At the debate, Trump said he wants us to be like Japan, a country “who doesn’t want our beef or our wheat.” In other words, they’re self-sustaining. Trump wants to collect money from other countries, but never distribute or accept other goods.
When asked who Trump’s military source was, Trump responded with, “I watch the shows.” Meaning, the TV shows.
And he thinks that a woman running the country would be ridiculous. If he’s planning his presidential reign around what he hears on the news, we are going to have a very big problem on our hands.

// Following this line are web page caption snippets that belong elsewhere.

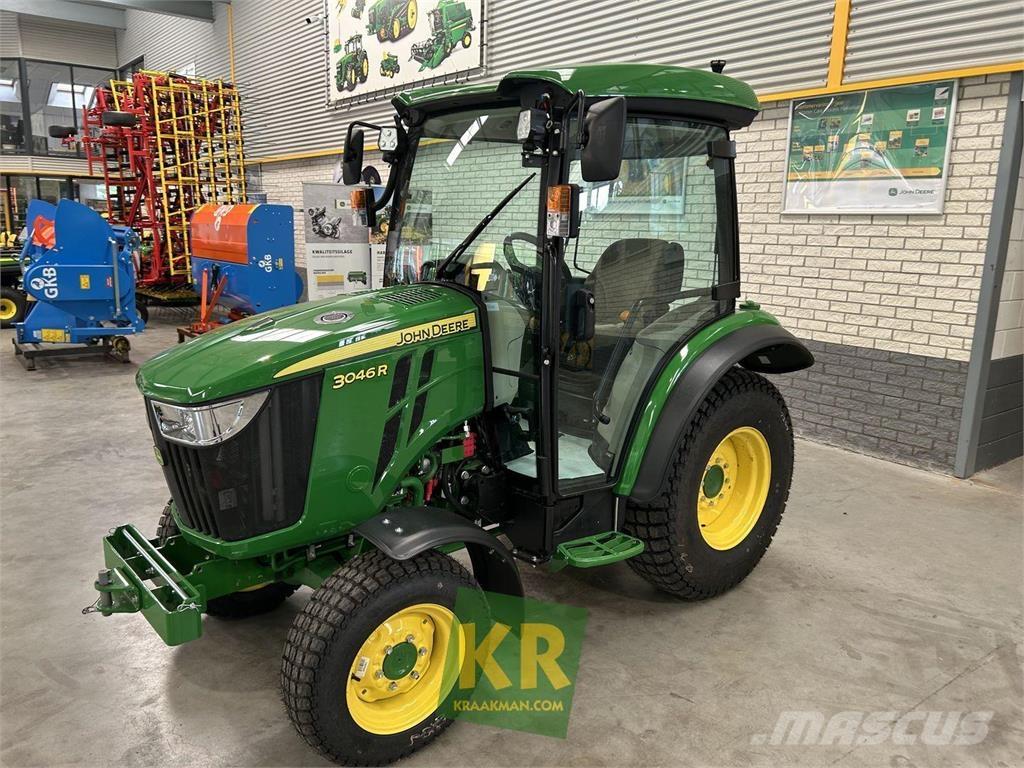 John Deere 3046R Kompakte traktorer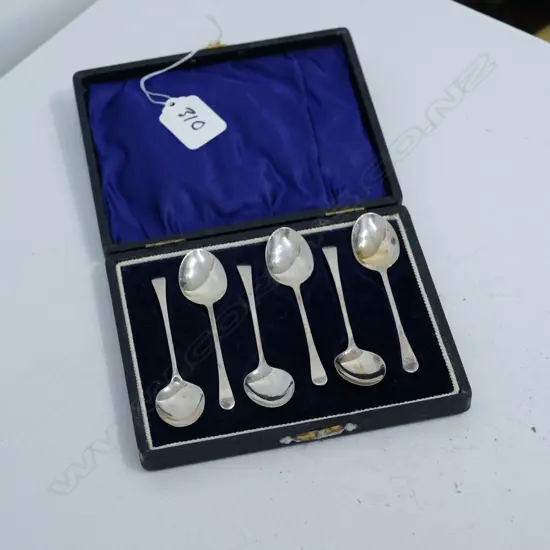 CASED S/S COFFEE SPOONS - SIX. EACH H. 90MM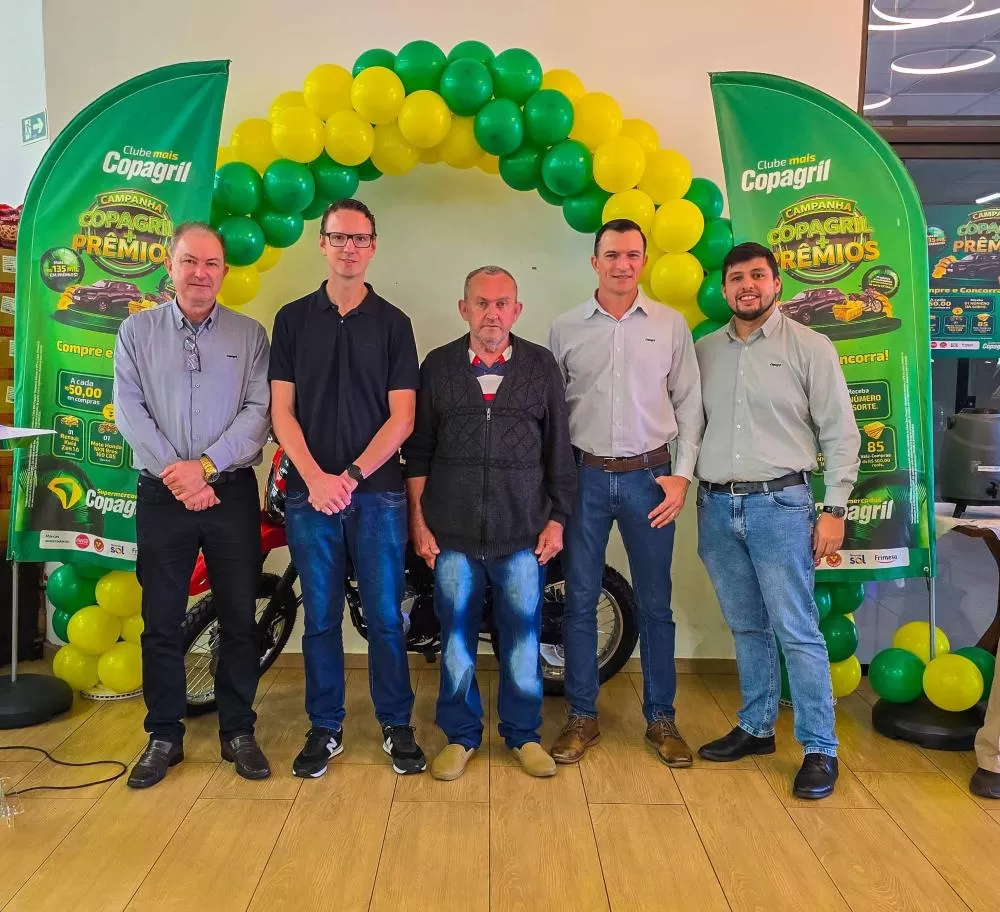 Alexandre Daniel Kohn recebeu da diretoria da Copagril a moto zero-quilômetro conquistada na Campanha Clube Mais Copagril. (Foto: Divulgação)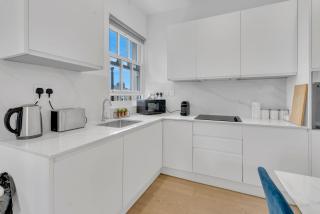 Modern Cosy 2 bed apartment, Smart TV & NETFLIX with private balcony and city view - Londres - 5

If the only political knowledge I need comes from the television, then by that logic, I could run for president–and that would be worse than Kanye West running.
Based on this, I can only assume that Trump also believes everything he reads on the Internet.
His opponents have opinions and they have plans.
Jeb Bush has a tax reform plan to help rebuild our economy the way Reagan did in 1986.
Ben Carson is in favor of education reform—denouncing the Common Core, while also supporting an Immigration work plan in order to monitor and manage the influx of immigrant workers.
Carly Fiorina accepts Global Warming and aims to create international treaties to control harmful emissions.
Marco Rubio wants to reform healthcare and formulate a plan that works for everyone.
And Donald Trump wants to build a wall.
While at a bar, I stood next to a man wearing a red shirt, blue shorts, and white shoes. He was alone, waving his money around, hoping to catch the bartender’s attention.
“You’re very American today,” I said.
He turned to me, bewildered. Apparently his choice of clothing was accidental.
“You’re wearing red, white, and blue,” I said.
He laughed. “Guess so. Gotta love America.”
“Gin and tonic, please,” he shouted to the bartender. “I don’t know about that. He has some pretty good ideas. I’m no Republican, but I’m thinking of voting Trump this time around.” He turned and walked away, leaving me to ponder his words.
“Well, that was weird,” said the guy next to me. “Why would a gay man vote for Trump?”
That was the moment I realized that Donald Trump is a real possibility.